The line containing "Butterfly tattoos set" marks the end; return exactly every line from the start of the records up to and including it, but no pictures.

═════ DATA IN THIS EXERCISE

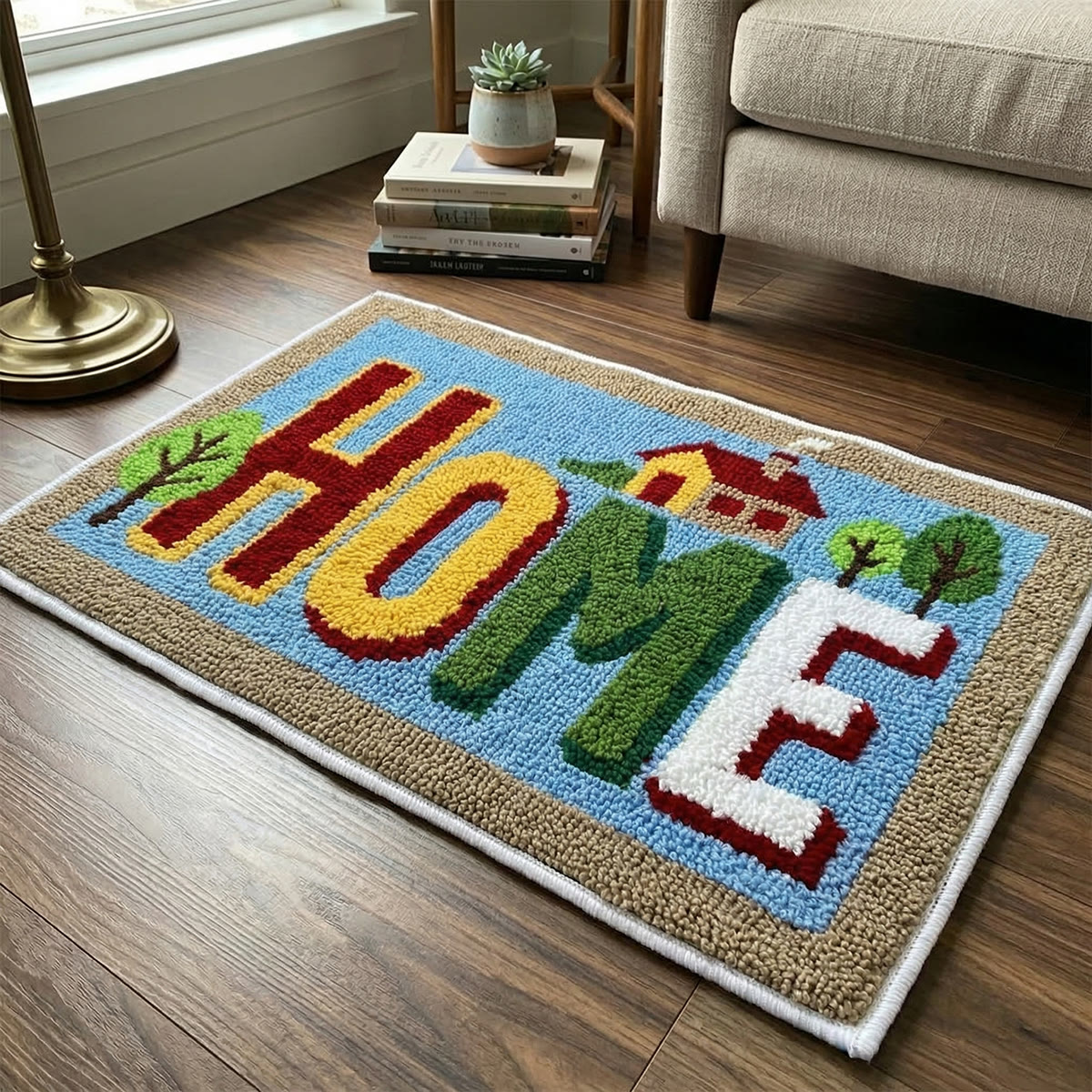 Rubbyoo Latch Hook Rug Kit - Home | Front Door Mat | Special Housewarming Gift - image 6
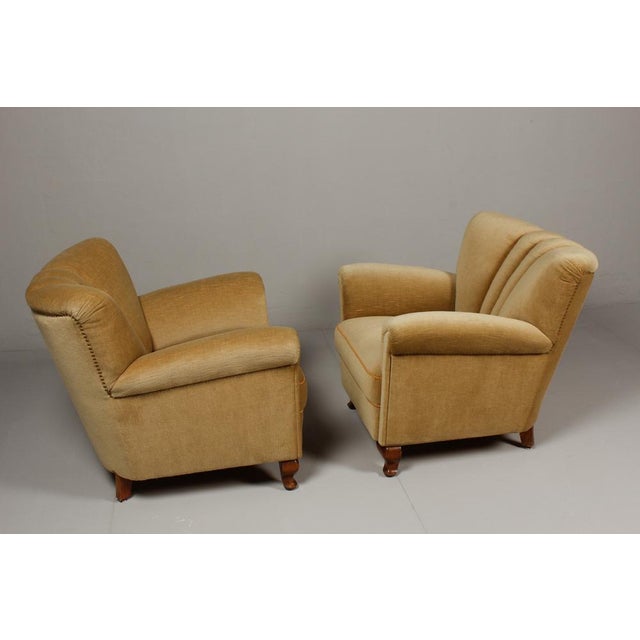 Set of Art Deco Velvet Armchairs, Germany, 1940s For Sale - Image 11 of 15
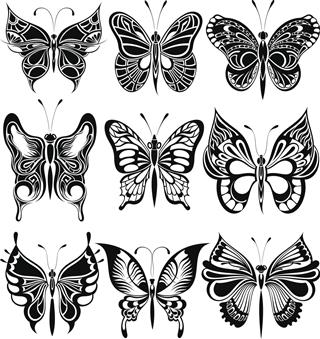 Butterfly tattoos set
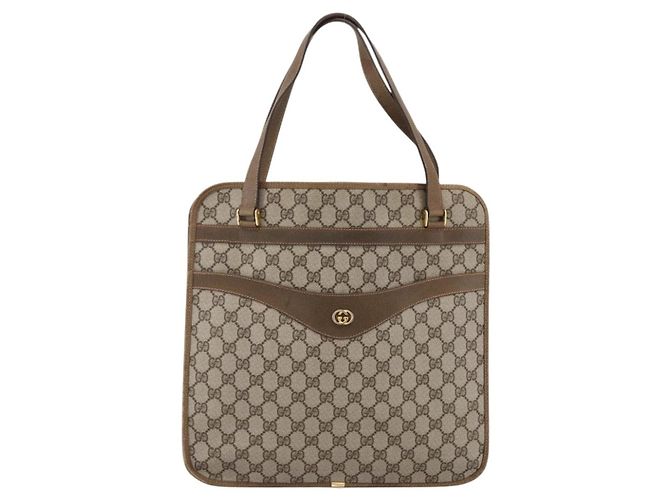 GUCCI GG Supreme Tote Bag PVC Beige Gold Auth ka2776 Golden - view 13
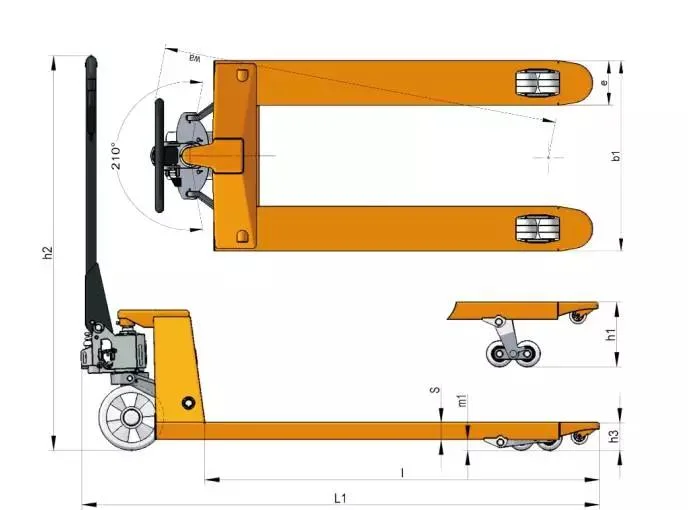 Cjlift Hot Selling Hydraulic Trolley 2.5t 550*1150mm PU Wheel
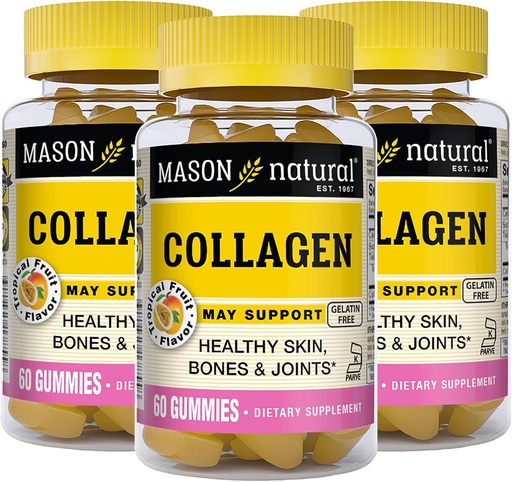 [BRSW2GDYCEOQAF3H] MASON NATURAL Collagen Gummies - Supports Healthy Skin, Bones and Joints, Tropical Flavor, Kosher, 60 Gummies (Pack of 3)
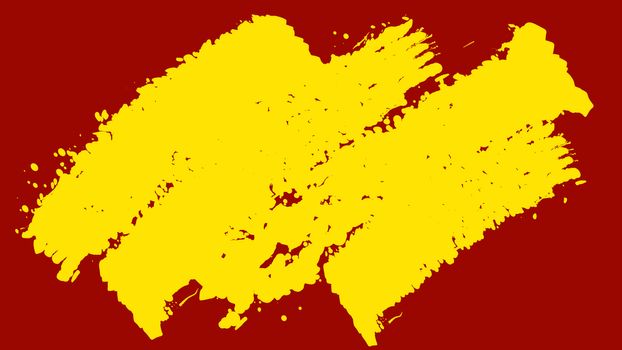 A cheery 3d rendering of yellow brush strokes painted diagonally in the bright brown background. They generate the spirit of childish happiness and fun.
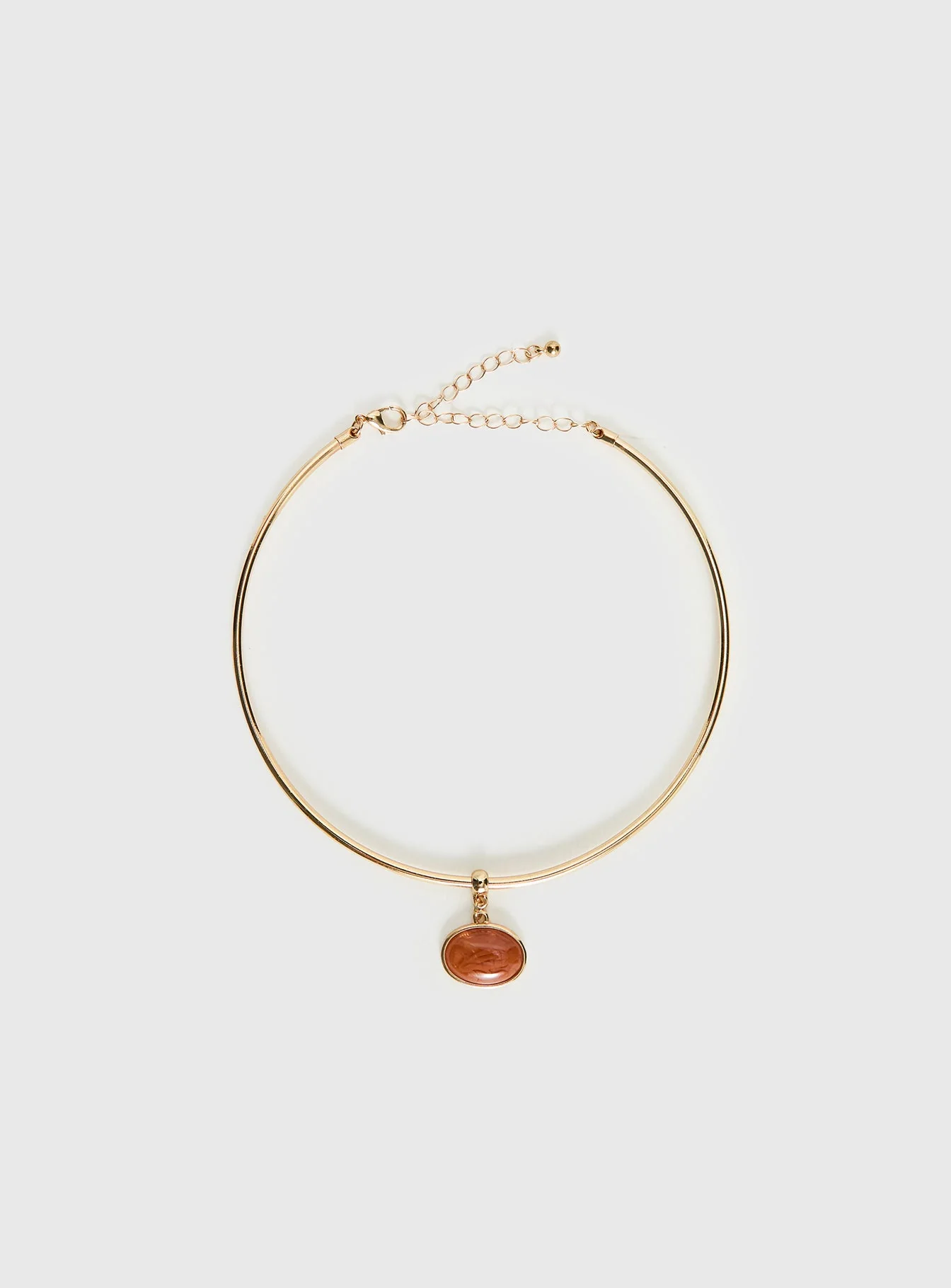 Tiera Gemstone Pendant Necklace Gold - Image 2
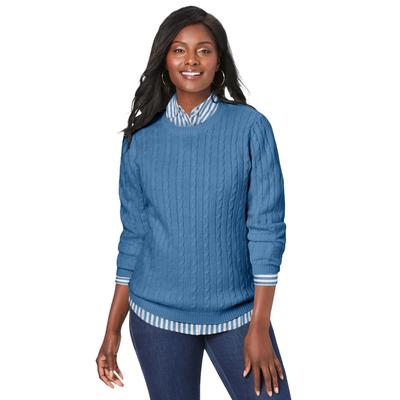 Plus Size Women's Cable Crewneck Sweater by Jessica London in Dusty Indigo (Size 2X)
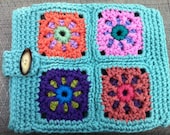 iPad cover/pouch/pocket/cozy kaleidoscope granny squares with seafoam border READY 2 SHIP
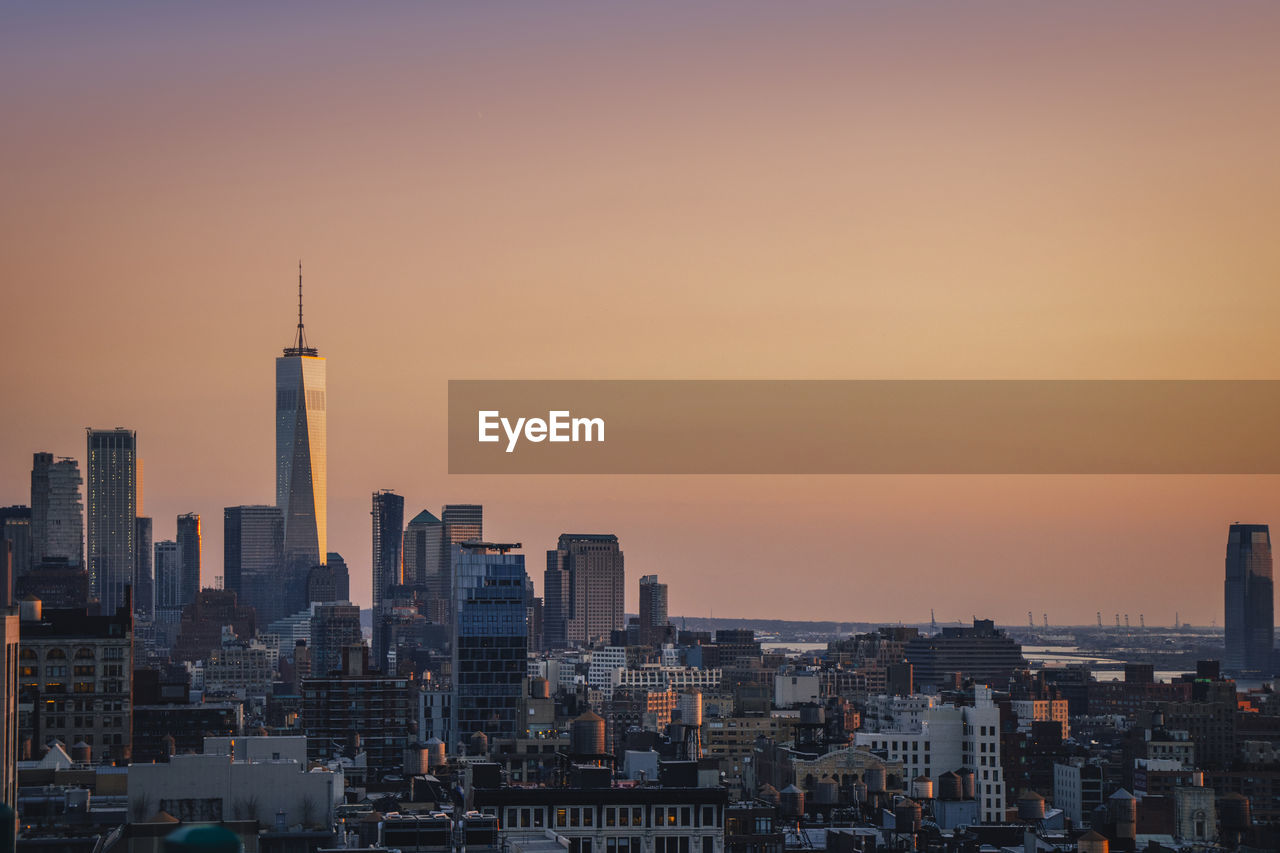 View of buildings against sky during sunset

══════════

TASK SOLUTION >>
 Rubbyoo Latch Hook Rug Kit - Home | Front Door Mat | Special Housewarming Gift - image 6
 Set of Art Deco Velvet Armchairs, Germany, 1940s For Sale - Image 11 of 15
 Butterfly tattoos set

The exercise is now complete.